# WHAT IS NEEDED:
Skip the pictures and return every entry exactly as written.

---- DATA IN THIS EXERCISE

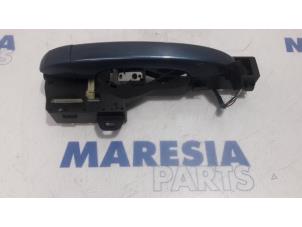 Used Front door handle 4-door, right Renault Megane IV (RFBB) 1.2 Energy TCE 130 Price € 75,00 Margin scheme offered by Maresia Parts
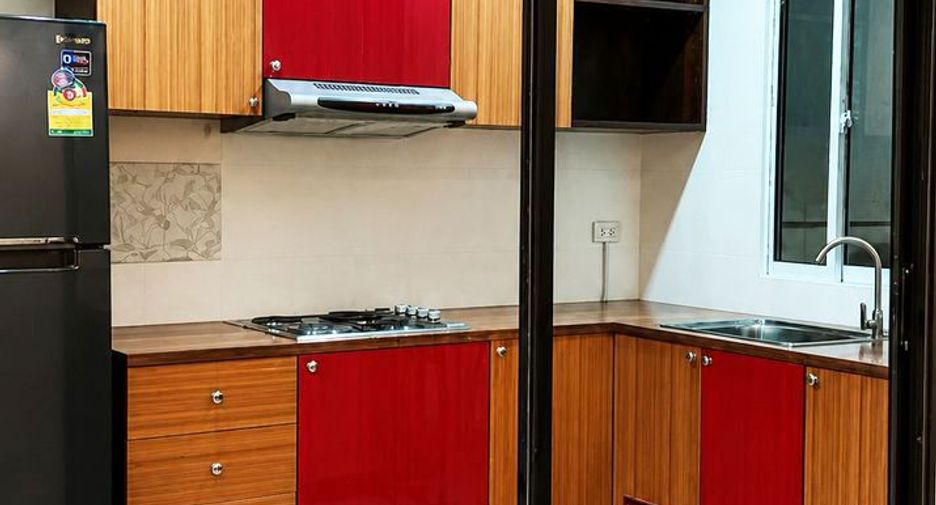For rent 3 bedrooms townhouse in Suan Luang, Bangkok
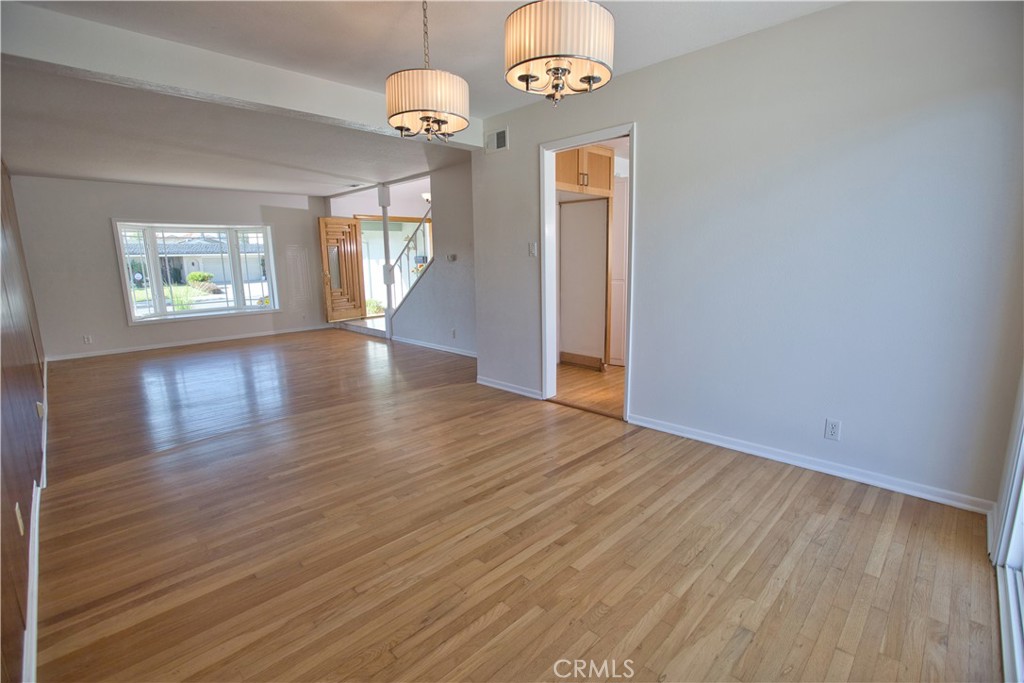 19362 Weymouth Lane Property Photo 10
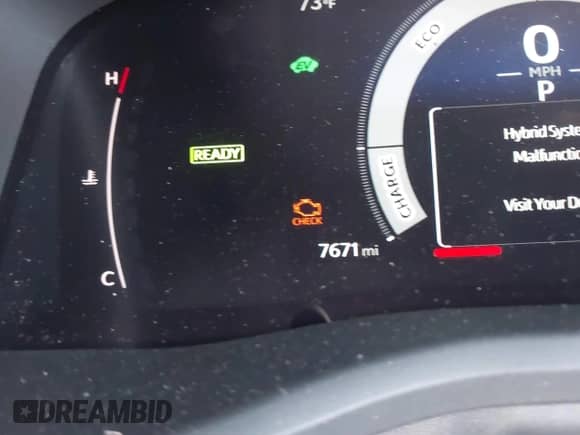 2025 Toyota Camry SE with VIN 4T1DAACK3SU592440, listed as a IAAI auction lot 43243159 with 7,671 mi miles and . Bid and sale history available at DreamBid. Image 15.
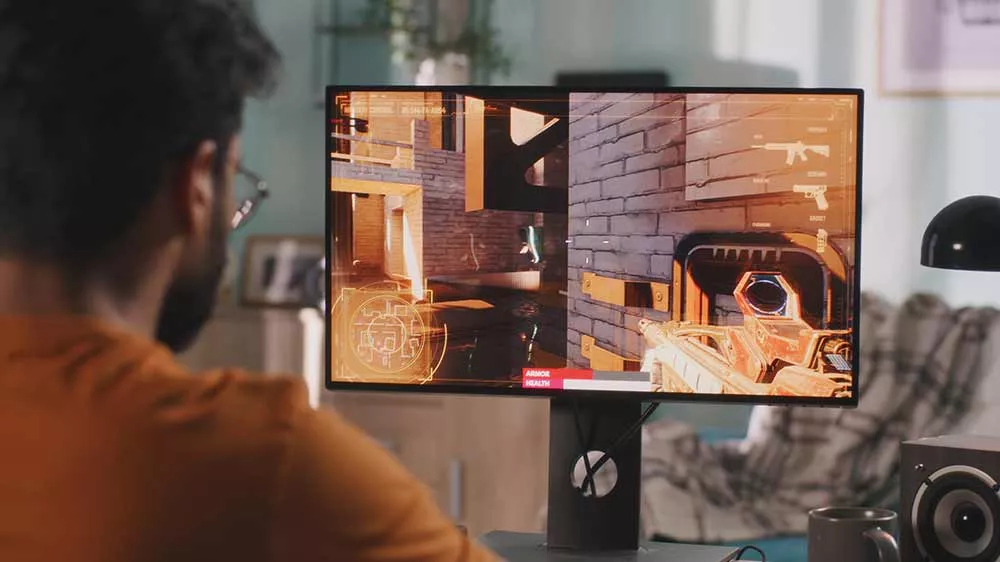 Muž pracujúci na pc_03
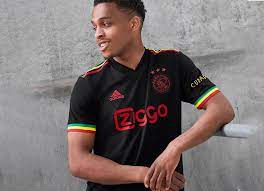 In wat na zo'n onwerkelijk seizoen een passend eerbetoon aan fans is, zal dit historische logo tijdens ontwerp je ajax knvb shirt! Kikba6bmi1j0m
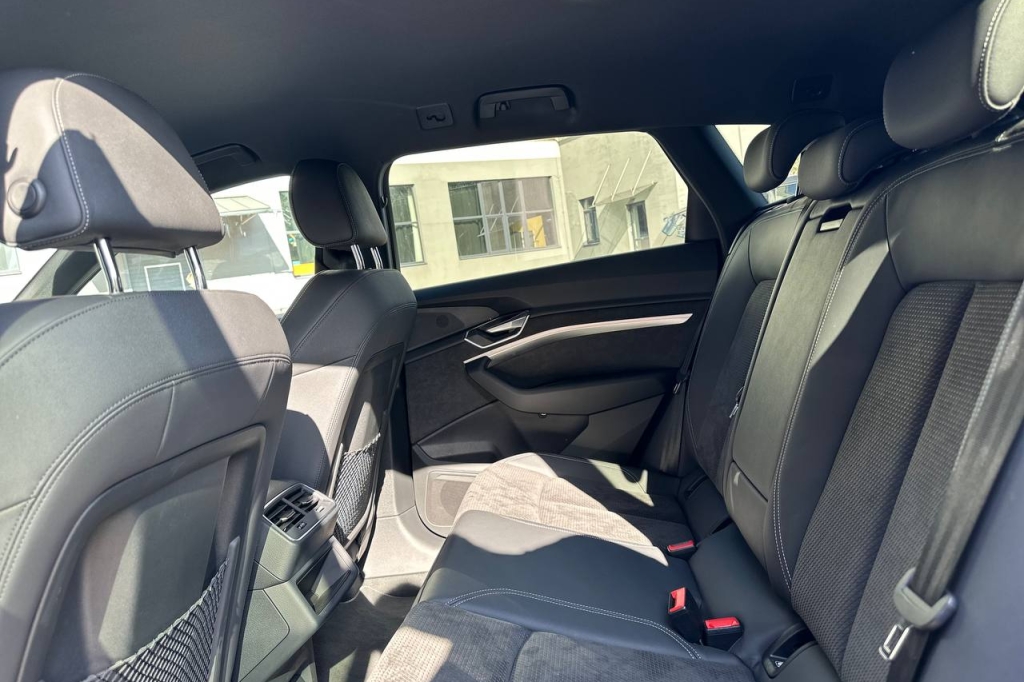 Audi e-tron 71 kWh  Quattro S-Line  2021 photo 16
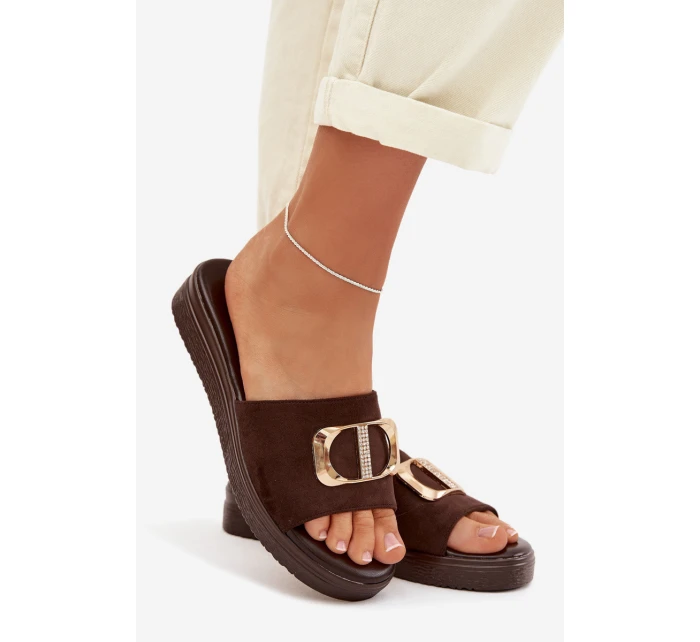 Dámské pantofle se zlatým detailem čokoládové model 22027941 - Boto Dámské pantofle se zlatým detailem čokoládové model 22027941 - Boto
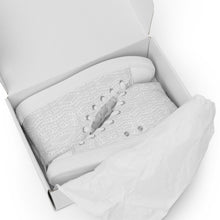 Load image into Gallery viewer, PUZZLE Women’s high top canvas shoes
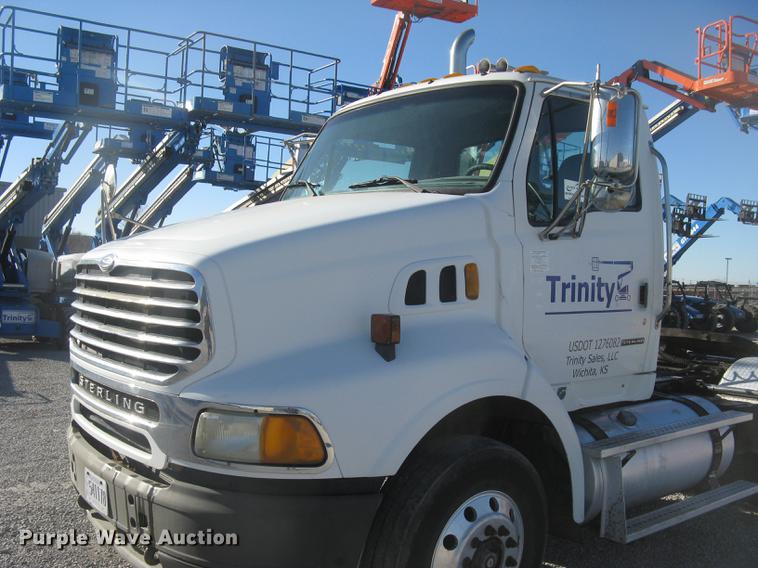 image for item DC2373 2006 Sterling A9500 semi truck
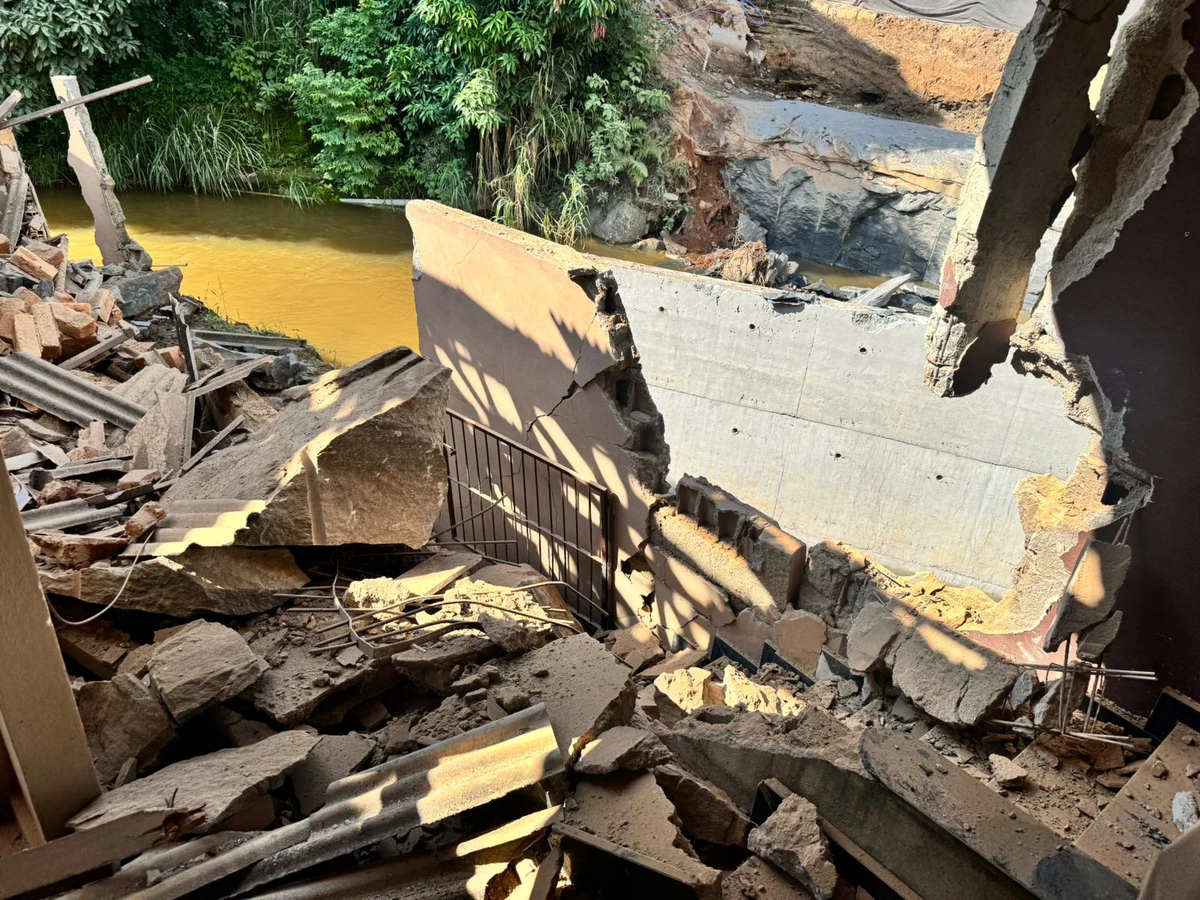 Detonação causa danos em casas em Jaciguá, Vargem Alta por Gustavo Ribeiro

--------

# RESULT FOR THIS EXERCISE:
 Used Front door handle 4-door, right Renault Megane IV (RFBB) 1.2 Energy TCE 130 Price € 75,00 Margin scheme offered by Maresia Parts
For rent 3 bedrooms townhouse in Suan Luang, Bangkok
 19362 Weymouth Lane Property Photo 10
 2025 Toyota Camry SE with VIN 4T1DAACK3SU592440, listed as a IAAI auction lot 43243159 with 7,671 mi miles and . Bid and sale history available at DreamBid. Image 15.
 Muž pracujúci na pc_03
 In wat na zo'n onwerkelijk seizoen een passend eerbetoon aan fans is, zal dit historische logo tijdens ontwerp je ajax knvb shirt! Kikba6bmi1j0m
 Audi e-tron 71 kWh  Quattro S-Line  2021 photo 16
 Dámské pantofle se zlatým detailem čokoládové model 22027941 - Boto Dámské pantofle se zlatým detailem čokoládové model 22027941 - Boto
 Load image into Gallery viewer, PUZZLE Women’s high top canvas shoes
 image for item DC2373 2006 Sterling A9500 semi truck
 Detonação causa danos em casas em Jaciguá, Vargem Alta por Gustavo Ribeiro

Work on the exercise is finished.